Expert System, which makes software that interprets information in text, has launched Cogito Semantic Advertiser, a tool that, when paired with Expert’s semantic search engine, processes the meaning of text to ensure that an ad’s placement is relevant to its assigned Web pages.

Expert System is the latest vendor trying to nibble at Google’s search advertising market share by offering an alternative to Google AdSense, which uses keyword frequency to place ads. Another upstart, Proximic, debuted earlier in 2008 to attack Google on this front, but Proximic leverages a contextual ad-based approach without semantics.
So, what problem is Expert System trying to solve? J. Brooke Aker, CEO of Italy-based Expert System’s U.S. subsidiary, showed me in a demo how Google’s AdSense program will occasionally place misleading or inappropriate ads for certain articles.
For example, next to a New York Times science story on a jaguar, the Google AdSense algorithm picked out ads for Jaguar automobiles. In another article on an airline disaster, AdSense showed ads about low airfare rates for vacations. The algorithm didn’t intend to provide results in poor taste, of course, and neither did Google’s human engineers.
The problem is that AdSense relies on keyword frequency but doesn’t drill down into the semantics-the meaning in the words. Cogito Semantic Advertiser attempts to go further by using semantic intelligence to analyze the text on each page and ensure that ads are placed appropriately to increase click-through rates.
Semantic search, also used by now Microsoft-owned Powerset, Hakia, Zoomix and Yedda, looks at how words in a sentence relate to one another and tries to understand the context of keywords. Terms with several meanings require semantic analysis of the other words around them for context.

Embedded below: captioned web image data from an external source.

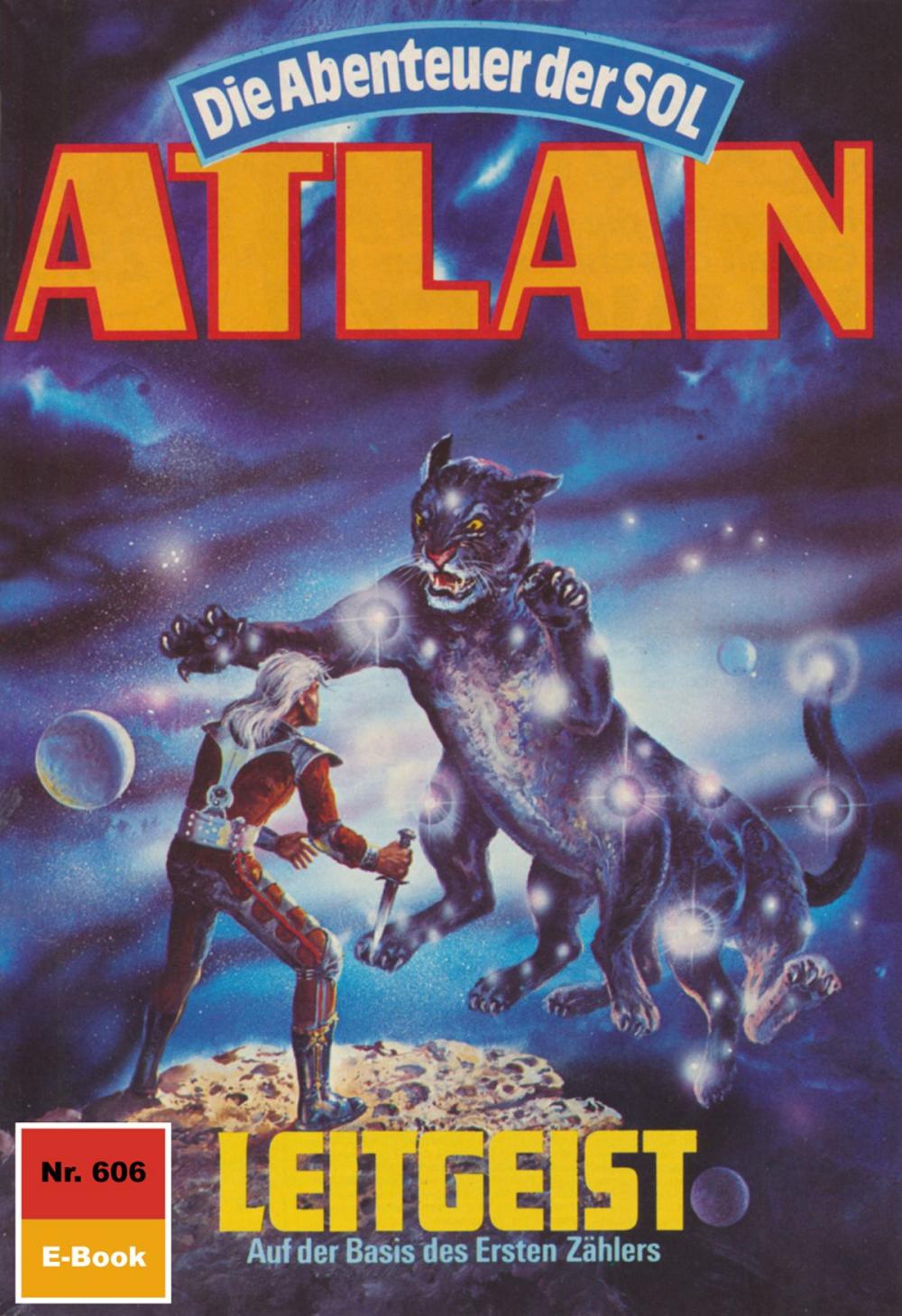 Big bigCover of Atlan 606: Leitgeist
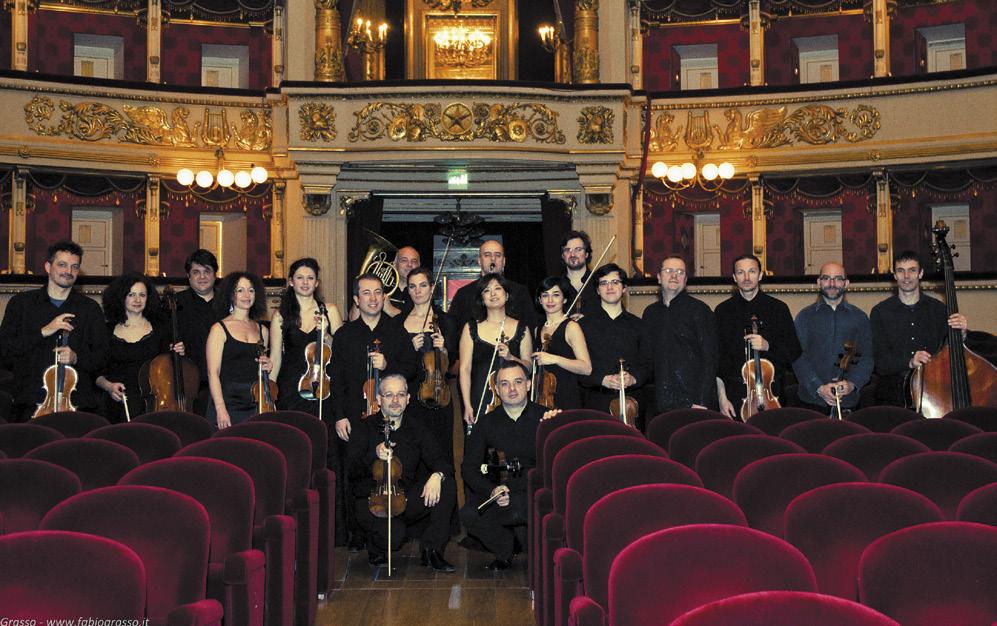 I Virtuosi del Teatro alla Scala I Virtuosi del Teatro alla Scala tworzą muzycy orkiestr Teatro alla Scala i Filarmonica della Scala, którzy pragną wspólnie koncertować i w ten sposób dzielić się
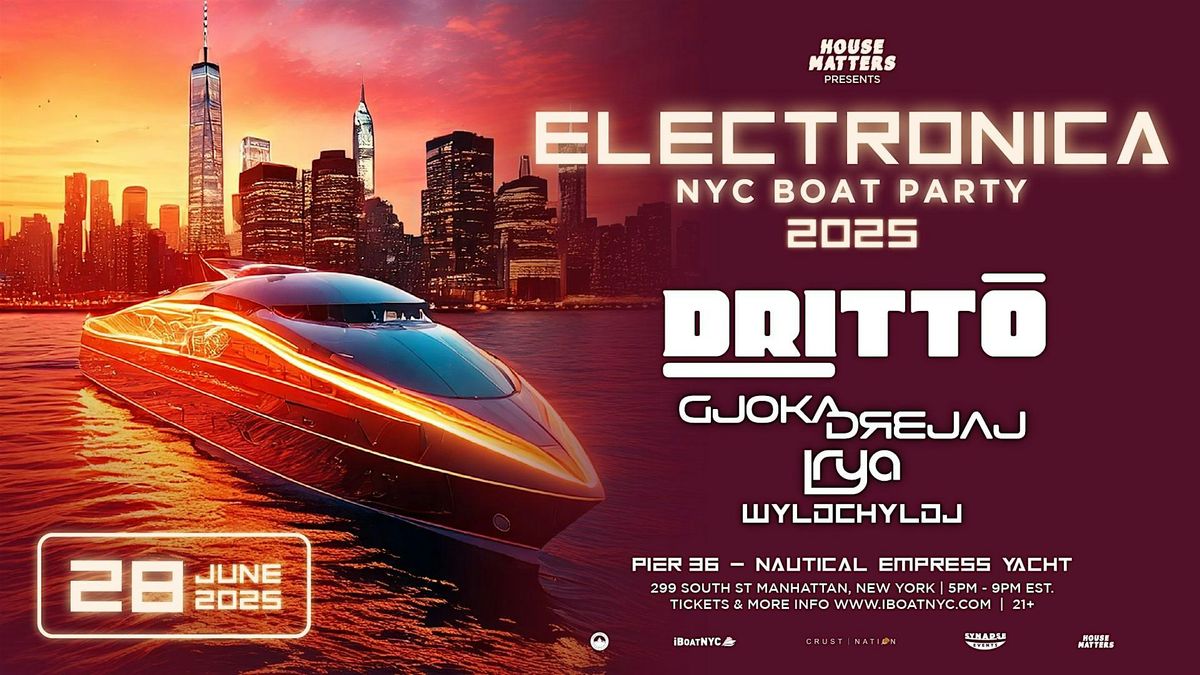 Electronica NYC Yacht Party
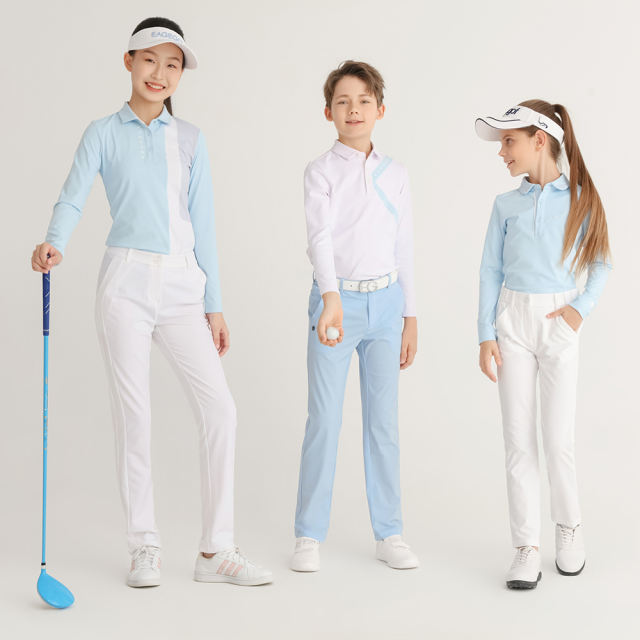 EAGEGOF Women's Long Sleeve Polo - Embrace Fashion, Unleash Charm, the Ultimate Choice in Breaking Golf Fashion Boundaries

Asher told me Cogito Semantic Advertiser understands content based on four key methodologies: studying the morphology of words; looking at parts of speech; sentence logic, or the reduction of sentences to subject, verb and object; and disambiguation, which in the case of the jaguar story paired with the Jaguar car ad would determine whether or not the text referred to a car or an animal.
Cogito Semantic Advertiser also provides details on actual use of specific Web sites, so companies can tailor their messages and coordinate the timing of ad placements.
For example, if users are reading articles about fuel efficiency during a specific time frame, Cogito Semantic Advertiser can provide these details so a hybrid vehicle manufacturer can tailor its advertising budget accordingly.
Asher told me Expert System plans to sell Cogito Semantic Advertiser, priced between $100,000 and $200,000 depending on implementation size requirements, to big media houses and publications.
I like what Expert and others of its ilk are trying to do in terms of the technological approach. Indeed, finding AdSense ads on vacations next to articles on Hurricane Katrina has got to be unsettling.
However, the big question is whether or not big media houses and others that would buy Cogito Semantic Advertiser are sick enough of Google yet to go with an unproven company.
Like it or not, Google is to search keywords what Microsoft is to desktop operating systems. If you go for Google, you have to know that you’re at the company’s mercy. Are advertisers and publishers ready for an alternative? That remains to be seen.